The cornucopia of rice, wheat, beans, sorghum, sweet potatoes, lentils, chick peas and a host of other food, forage and agroforestry plants is to be safeguarded in the facility, which was created as a repository of last resort for humanity’s agricultural heritage. The seeds will be shipped to the village of Longyearbyen on Norway’s Svalbard archipelago, where the vault has been constructed on a mountain deep inside the Arctic permafrost.
The vault was built by the Norwegian government as a service to the global community, and a Rome-based international NGO, the Global Crop Diversity Trust, will fund its operation. The vault will open on February 26, 2008.
This first installment from the CGIAR collections will contain duplicates from international agricultural research centers based in Benin, Colombia, Ethiopia, India, Kenya, Mexico, Nigeria, Peru, the Philippines and Syria. Collectively, the CGIAR centers maintain 600,000 plant varieties in crop genebanks, which are widely viewed as the foundation of global efforts to conserve agricultural biodiversity.
“Our ability to endow this facility with such an impressive array of diversity is a powerful testament to the incredible work of scientists at our centers, who have been so dedicated to ensuring the survival of the world’s most important crop species,” said Emile Frison, Director General of Rome-based Bioversity International, which coordinates CGIAR crop diversity initiatives.

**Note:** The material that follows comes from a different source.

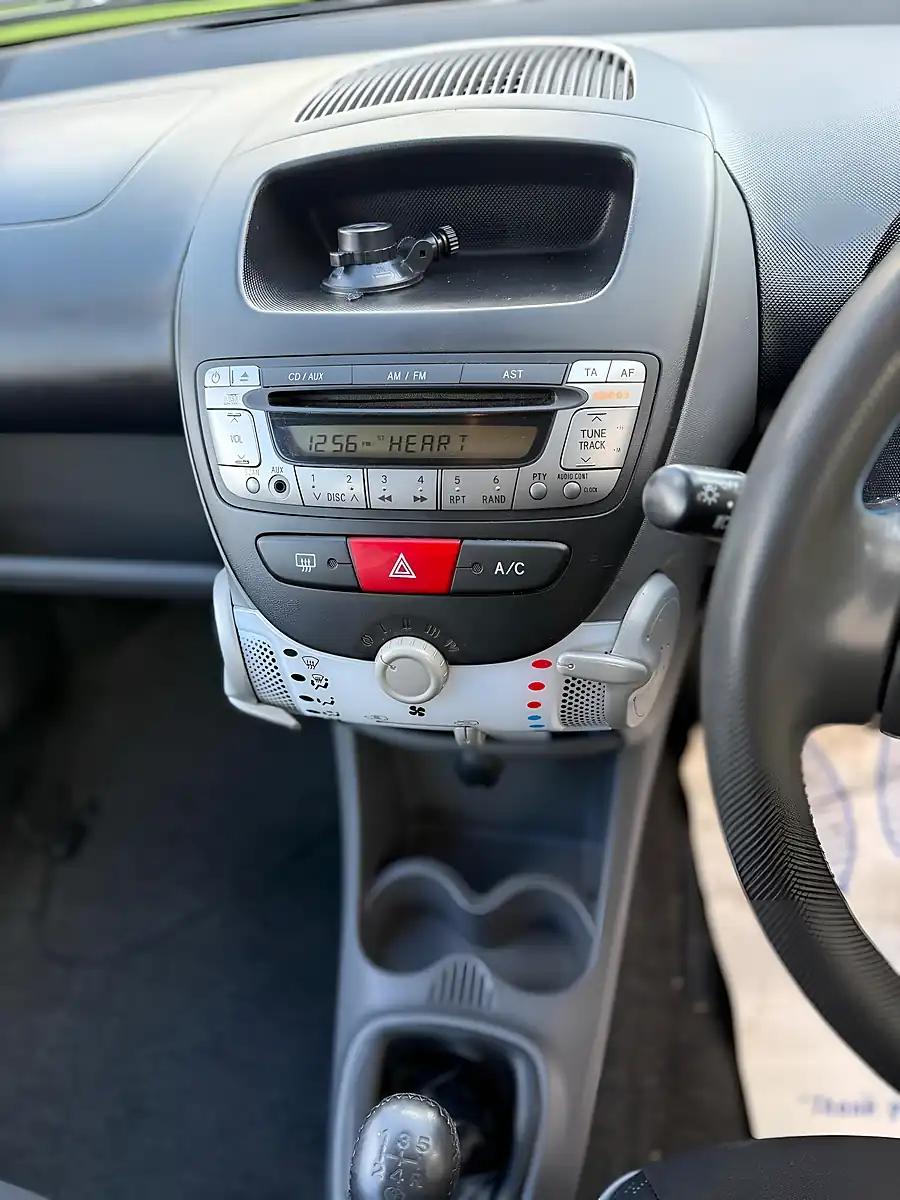 Used 2010 Peugeot 107 Millesim Black - Interior and Exterior details 19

“The CGIAR collections are the ‘crown jewels’ of international agriculture,” said Cary Fowler, Executive Director of the Global Crop Diversity Trust, which will cover the costs of preparing, packaging and transporting CGIAR seeds to the Arctic. “They include the world’s largest and most diverse collections of rice, wheat, maize and beans. Many traditional landraces of these crops would have been lost had they not been collected and stored in the genebanks.”
For example, the wheat collection held just outside Mexico City by the CGIAR-supported International Maize and Wheat Improvement Center (CIMMYT) contains 150,000 unique samples of wheat and its relatives from more than 100 countries. It is the largest unified collection in the world for a single crop. Overall, the maize collection represents nearly 90 percent of maize diversity in the Americas, where the crop originated. CIMMYT will continue to send yearly shipments of regenerated seed until the entire collection of maize and wheat has been backed up at Svalbard.
Storage of these and all the other seeds at Svalbard is intended to ensure that they will be available for bolstering food security should a manmade or natural disaster threaten agricultural systems, or even the genebanks themselves, at any point in the future.
“We need to understand that genebanks are not seed museums but the repositories of vital, living resources that are used almost every day in the never-ending battle against major threats to food production,” Bioversity International’s Frison said. “We’re going to need this diversity to breed new varieties that can adapt to climate change, new diseases and other rapidly emerging threats.”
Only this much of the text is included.